EXCERPTED RECORDS:
++++
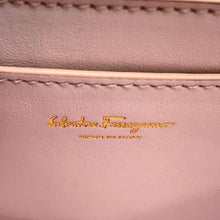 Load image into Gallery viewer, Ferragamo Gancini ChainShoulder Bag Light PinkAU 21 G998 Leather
++++
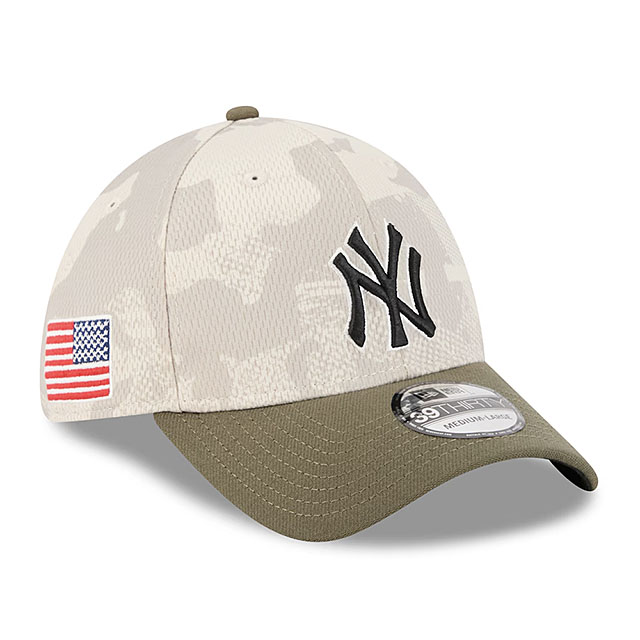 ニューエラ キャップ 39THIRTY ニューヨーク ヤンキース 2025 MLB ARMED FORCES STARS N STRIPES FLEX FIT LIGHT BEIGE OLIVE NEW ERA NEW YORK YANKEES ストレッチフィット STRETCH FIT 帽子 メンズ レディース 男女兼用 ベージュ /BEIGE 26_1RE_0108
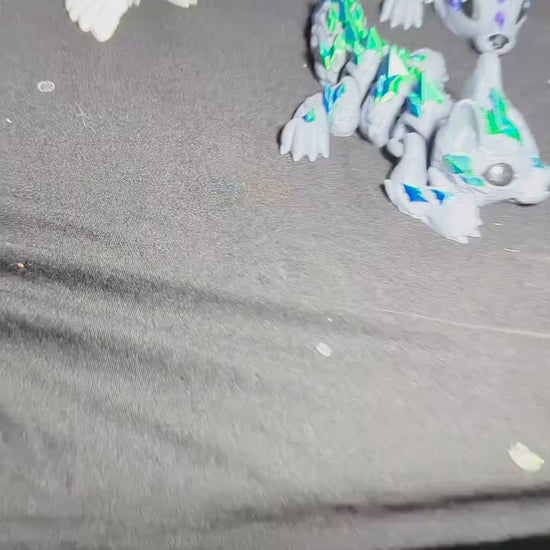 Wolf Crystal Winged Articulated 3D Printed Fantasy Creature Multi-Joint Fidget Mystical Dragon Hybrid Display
++++
EXERCISE OBJECTIVE: Look above for the line with "ニューエラ キャップ 39THIRTY" and the line with "Wolf Crystal Winged". Give again exactly those two lines and all lines between them, pictures excluded.

SOLUTION TO THE PROBLEM:
 ニューエラ キャップ 39THIRTY ニューヨーク ヤンキース 2025 MLB ARMED FORCES STARS N STRIPES FLEX FIT LIGHT BEIGE OLIVE NEW ERA NEW YORK YANKEES ストレッチフィット STRETCH FIT 帽子 メンズ レディース 男女兼用 ベージュ /BEIGE 26_1RE_0108
 Wolf Crystal Winged Articulated 3D Printed Fantasy Creature Multi-Joint Fidget Mystical Dragon Hybrid Display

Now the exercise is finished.